Assigned task
All pictures must be dropped, while the entries are given again word for word.

Stored entries

== Segment start ==

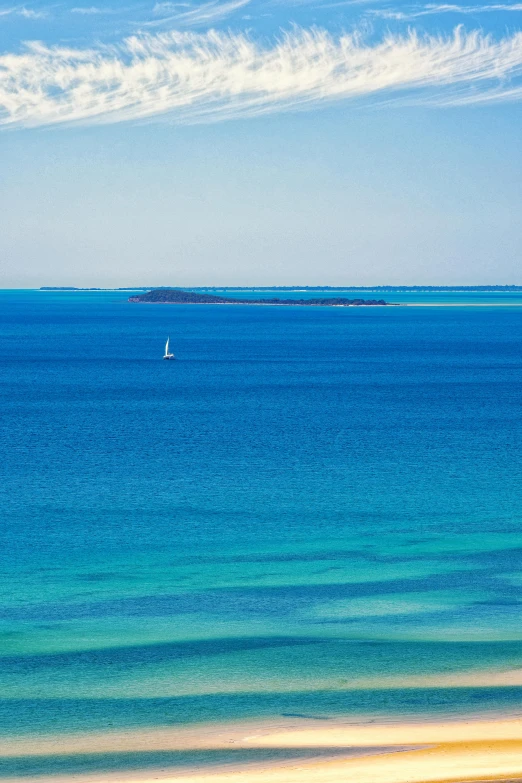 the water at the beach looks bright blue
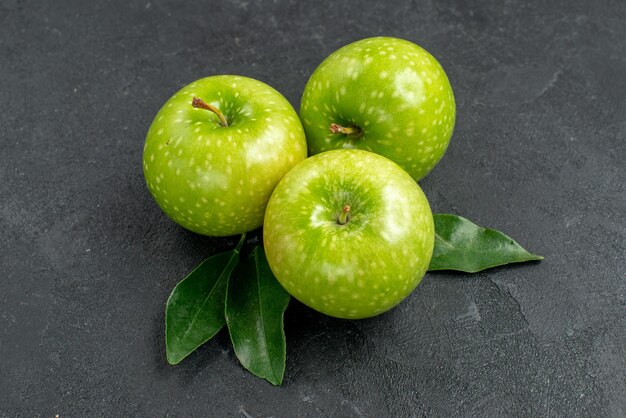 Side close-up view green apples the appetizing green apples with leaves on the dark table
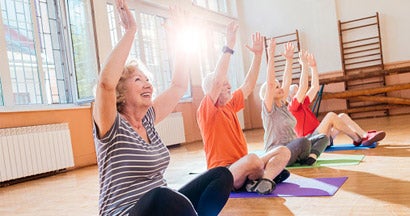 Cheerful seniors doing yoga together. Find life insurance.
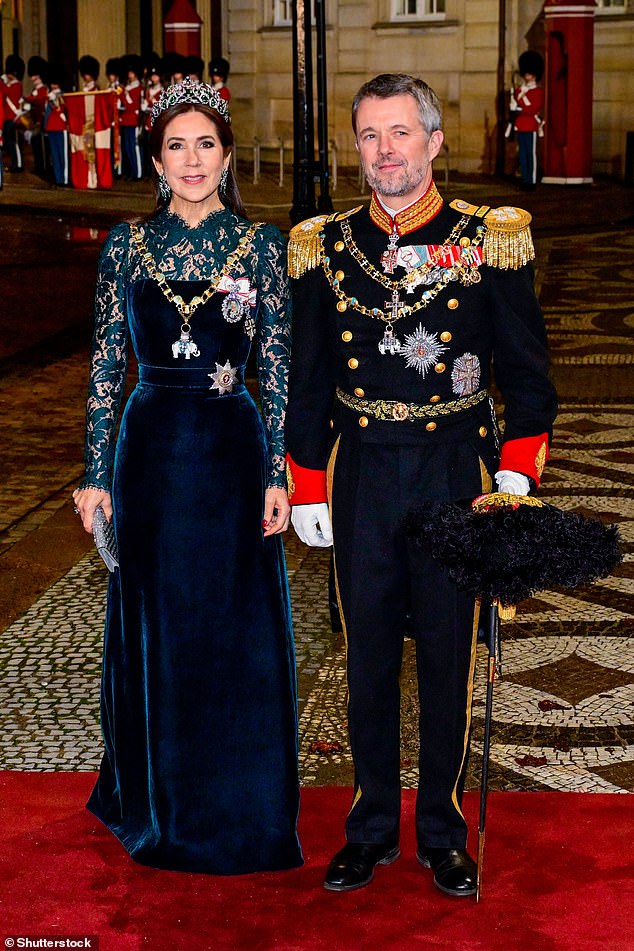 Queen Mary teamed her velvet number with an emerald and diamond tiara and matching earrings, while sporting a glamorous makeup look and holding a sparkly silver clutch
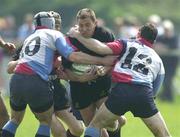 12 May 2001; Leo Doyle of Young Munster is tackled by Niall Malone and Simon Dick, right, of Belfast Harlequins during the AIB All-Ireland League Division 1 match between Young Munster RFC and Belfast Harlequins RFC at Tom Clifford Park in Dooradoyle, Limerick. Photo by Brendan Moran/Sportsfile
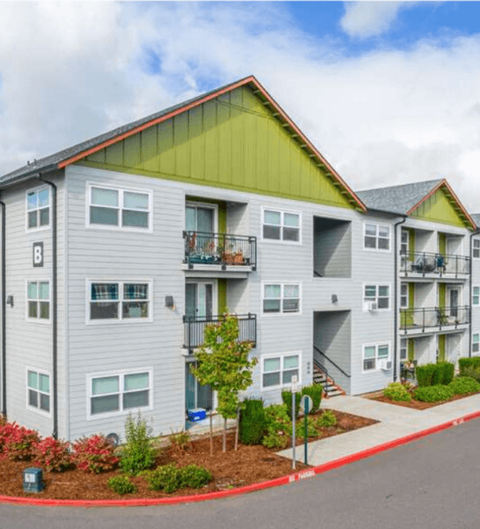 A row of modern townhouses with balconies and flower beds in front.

== Segment end ==

Response below
 the water at the beach looks bright blue
 Side close-up view green apples the appetizing green apples with leaves on the dark table
 Cheerful seniors doing yoga together. Find life insurance.
 Queen Mary teamed her velvet number with an emerald and diamond tiara and matching earrings, while sporting a glamorous makeup look and holding a sparkly silver clutch
 12 May 2001; Leo Doyle of Young Munster is tackled by Niall Malone and Simon Dick, right, of Belfast Harlequins during the AIB All-Ireland League Division 1 match between Young Munster RFC and Belfast Harlequins RFC at Tom Clifford Park in Dooradoyle, Limerick. Photo by Brendan Moran/Sportsfile
 A row of modern townhouses with balconies and flower beds in front.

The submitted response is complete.